Et pourtant, jusqu’au 9 octobre, jour de l’élection, le bureau de Karzai était inquiet. D’où une campagne électorale marquée par des achats massifs de voix. « De l’argent, mais pas seulement de l’argent, des sacs de riz, des vêtements, ils ont tout distribué en demandant de voter pour Karzai. Jusqu’au jour du scrutin, ils étaient encore à l’entrée des centres de vote pour obliger les gens à voter pour lui. Dans la province de Kandahar, les gens, majoritairement illettrés, ne savaient pas qu’ils pouvaient voter librement, à l’abris des regards. Certains ont donc voté pour lui, par peur. Un véritable scandale », avance l’un des ses plus proches conseillers, profondément démocrate. Les autres candidats ont également utilisé les mêmes méthodes, mais sans bénéficier des mêmes moyens financiers. « Une goutte d’eau par rapport de Karzai », ajoute-t-il. Acculés, quatorze des quinze candidats d’opposition ont porté plainte pour fraude le jour du scrutin. Leur reproche : un problème d’encre censée prouver le vote et qui en fait s’effaçait, ce qui a permis à certains de voter plusieurs fois. Mais deux jours après, la plainte n’était plus qu’une coquille vide.

« Je ne sais pas bien ce qu’il a obtenu, certainement un ministère », confie le proche collaborateur de Hamid Karzaï. Selon lui, le président sortant se serait engagé à offrir un ministère en cas de victoire à son plus sérieux rival, le candidat Yunus Qanouni. En échange, l’ancien ministre de l’Education se serait engagé à retirer sa plainte. « Qanouni a aussi rencontré longuement Zalmay Khalilzad*. On ne sait pas ce qu’ils ont échangé, mais il est ressorti passablement énervé », affirme la même source, avant d’ajouter : « Rachid Dostom et d’autres candidats, qui avaient également porté plainte, ont aussi été reçu par l’ambassadeur américain. Ils ont retiré leur plainte ».
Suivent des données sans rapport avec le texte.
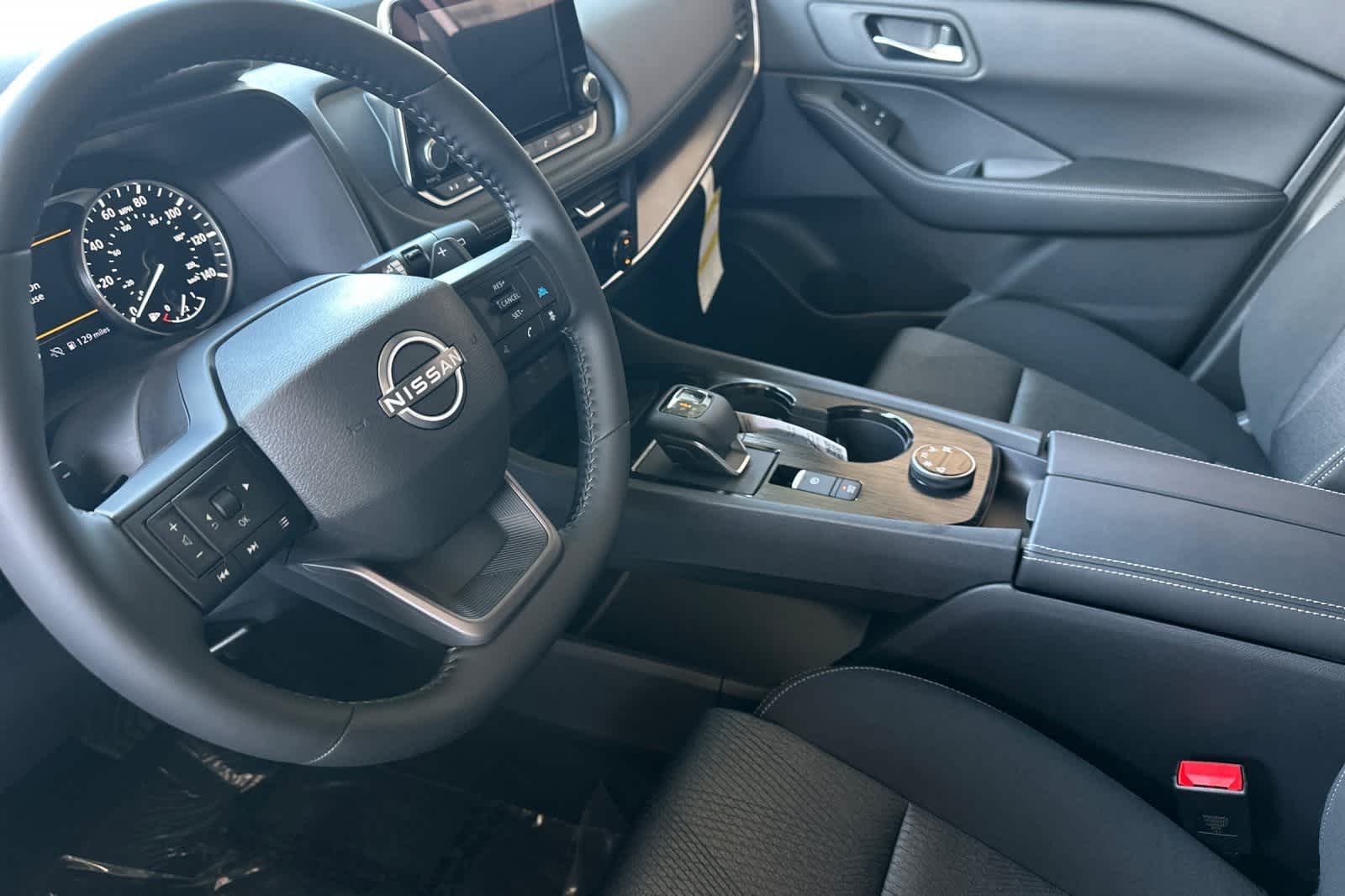 Thumbnail: 2026 Nissan Rogue - 12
Dostom est l’un des derniers chefs de guerre en Afghanistan. Installé dans le nord-ouest du pays, il fait la loi et l’ordre dans sa région. Sa capitale, Shibergan est son royaume. Dostom est soupçonné de nombreux crimes de guerre. « Les Américains lui ont mis le marché en main : tu conserves tes droits sur ta province et tu retires ta plainte. Sinon, nous te retirons ton pouvoir », explique encore le conseiller du président. Après l’éviction par les forces spéciales américaines, courant septembre, du seigneur de guerre tadjik, Ismael Khan**, Dostom a retiré sa plainte. L’homme de Washington, Hamid Karzai, devraient donc avoir les mains libres pour cinq ans.



par Eric  de La Varène

Article publié le 18/10/2004 Dernière mise à jour le 18/10/2004 à 14:09 TU

*Ambassadeur des Etats-Unis en Afghanistan, Zalmay Khalilzad est le porte-voix de Washington. On lui prête le pouvoir de faire la politique afghane. Hamid Karzaï répète souvent que ses gardes du corps américains (45 anciens GI’s employés par l’entreprise de sécurité privée Dyn Corp, rémunérés par le département d’Etat américain) ne l’écoutent pas, comme l’ambassadeur.

** Le quotidien Libération a révélé que la chute du gouverneur de Hérat, Ismael Khan, appelé « l’émir », était en fait une machination politique conjointe des autorités de Kaboul et des Américains pour en finir avec les seigneurs de guerre en Afghanistan.